In case you were wondering, The thread size is the same as the AS stoppers and the cost is even less than their mini stoppers and significantly less than the full size ones. The thread size is also the same as many of the Penn State and CSUSA stoppers so you can continue touse your taps and handles that you have made.

I'm going to be out of town to Cedar Rapids On the 14th and back on the 18th, so I would do this buy after I return. Sorry to be so long winded!

-Mike


----------



## penhead (Aug 6, 2008)

This style stopper made by Ruth Niles can be viewed at http://www.torne-lignum.com/  for those interested.


----------



## Modelmaker (Aug 6, 2008)

I'd be interested in a few.


----------



## 1JaredSchmidt (Aug 6, 2008)

I'd be interested.


----------



## Mikey (Aug 6, 2008)

Penhead, thanks a bunch. I completely forgot that not everyone may know what I was talking about. There are also lots and lots of photographs available there. 

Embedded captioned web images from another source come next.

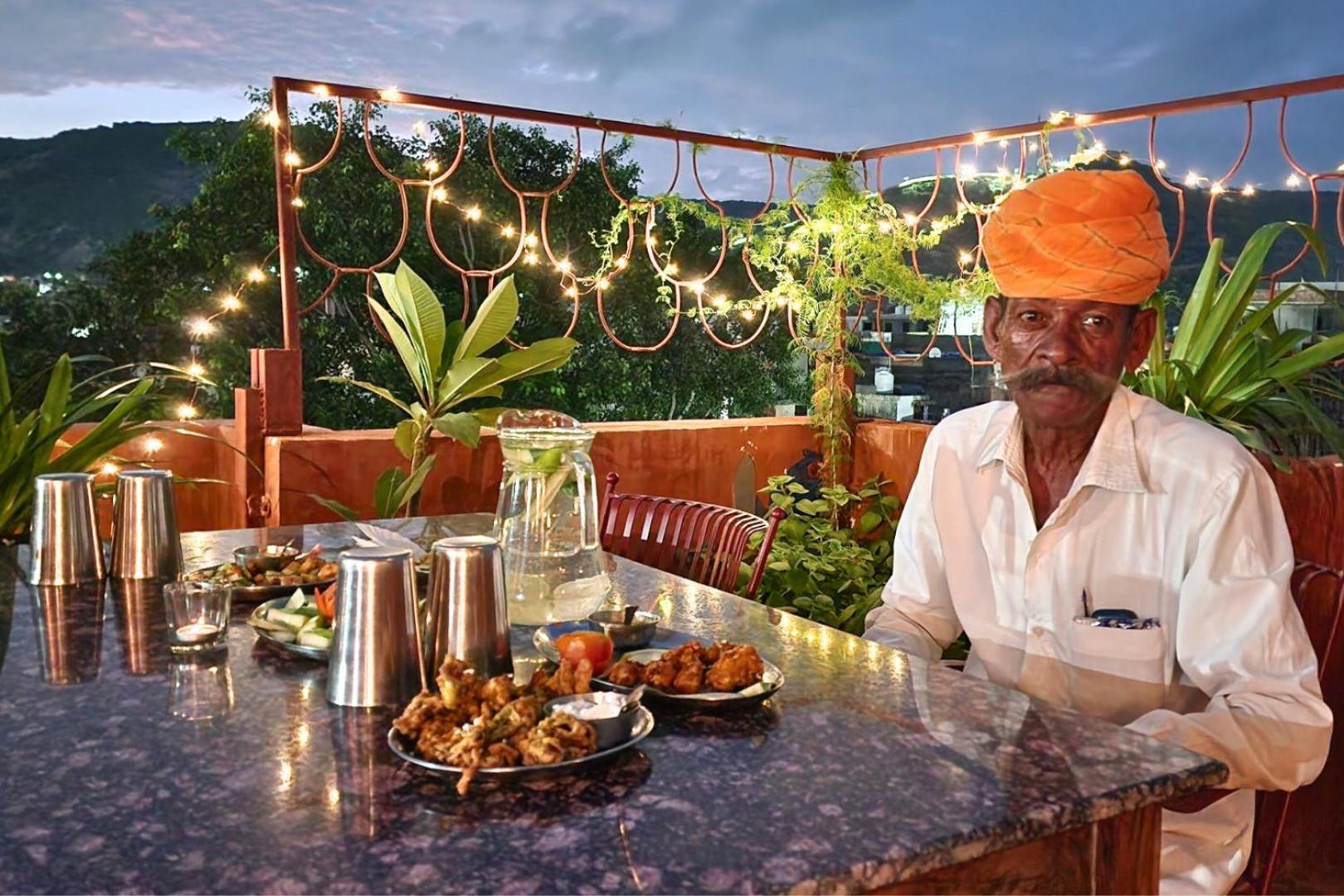 Chillout - A Boutique Hotel & Rooftop Restaurant Jaipur Dış mekan fotoğraf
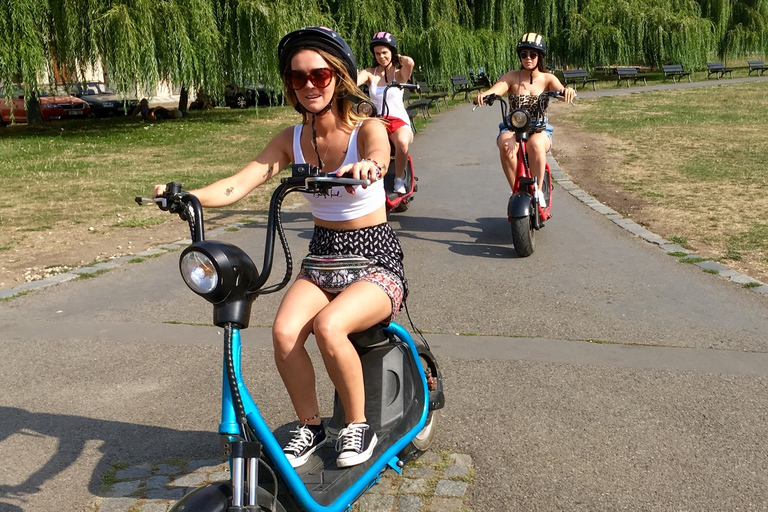 Grande tour de scooter elétrica e eBike em PragaGrand Tour de 2 horas de scooter elétrico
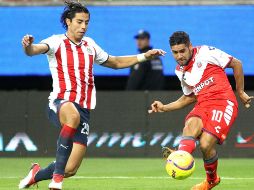 Daniel Villalva robó el balón a Benjamín Galindo y anotó el gol del partido. AFP/U. Ruiz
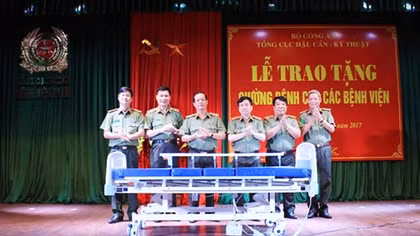 Trao tặng 200 giường bệnh cho các bệnh viện CAND
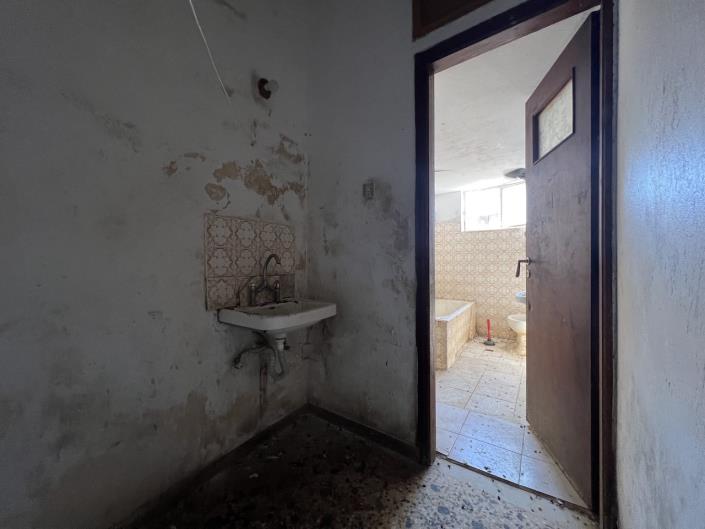 Image No.10-6 Bed House for sale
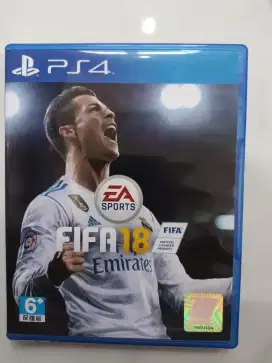 FIFA 18   (PS4)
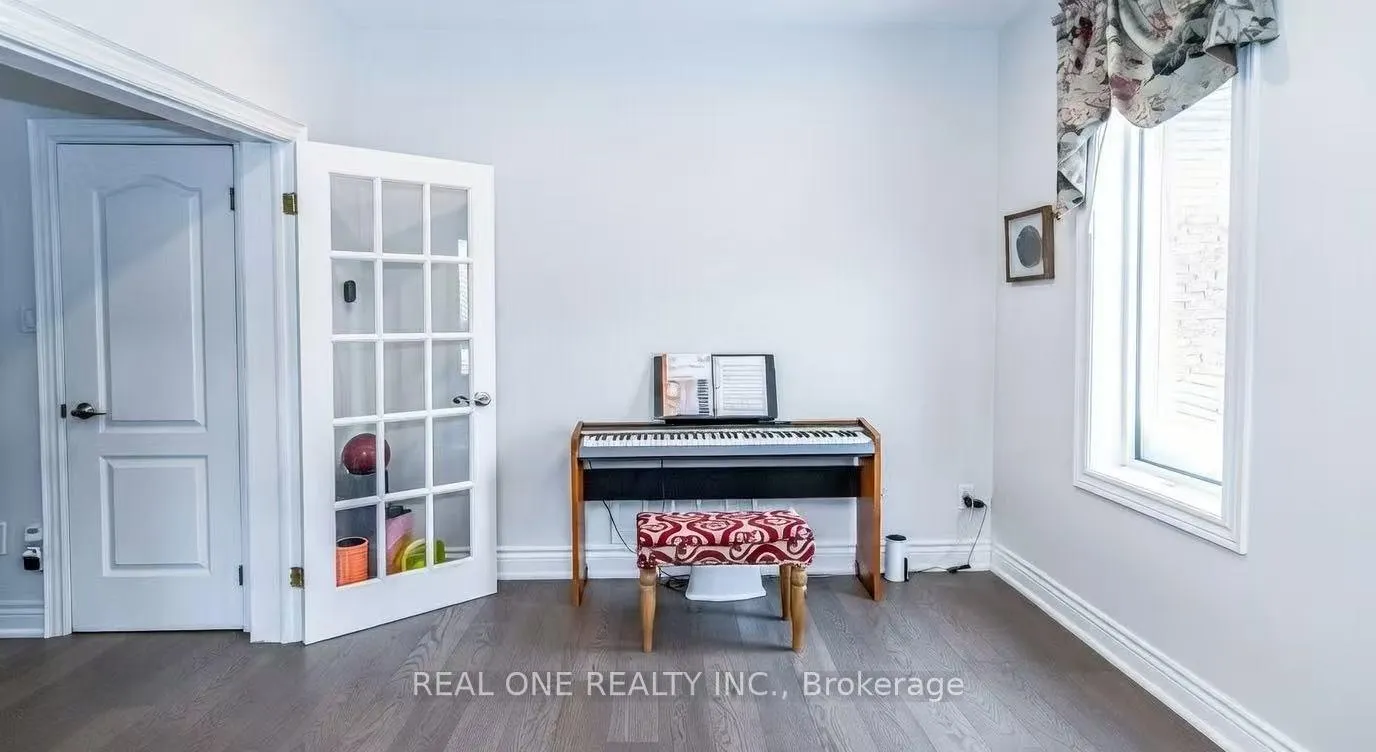 Photo 9 of 77 Leitchcroft Crescent E, Markham, Commerce Valley — HOMEH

I just got back from Berea and was told that the new Mini Stopper from AS was in reponse to the Ruth Niles stoppers.


----------



## penhead (Aug 6, 2008)

Not a problem Mikey, glad you didn't mind.
I have been considering the same thing for quite some time now.
Your timing is right on, even though it is a little hard to even think about preparing for the coming Holidays when the heat index here is around 100 degrees.

I noticed the price you posted was for the #301 (which has the threads).
If the count goes to one-hundred (or more)
then mark me down for 25 of the #301.

Thanks..


----------



## Mikey (Aug 6, 2008)

Including your potential order and a PM one we are already at 75 and that wouldn't even count Kris or Jared. I don't think we'll have a problem. Also, if we hit at least 25 each of the 302 and 304 she could extend special pricing to those as well. I don't see much of a need but you never know.


----------



## penhead (Aug 6, 2008)

Not sure where her next price break is, but if the count goes that far over might be worth a call...figuring you are already considering that though


----------



## Glass Scratcher (Aug 6, 2008)

I'm thinking about 25 of the #301


----------



## Mikey (Aug 6, 2008)

penhead said:


> Not sure where her next price break is, but if the count goes that far over might be worth a call...figuring you are already considering that though




if we get committments for over 200 then the price supposedly drops .15 each. 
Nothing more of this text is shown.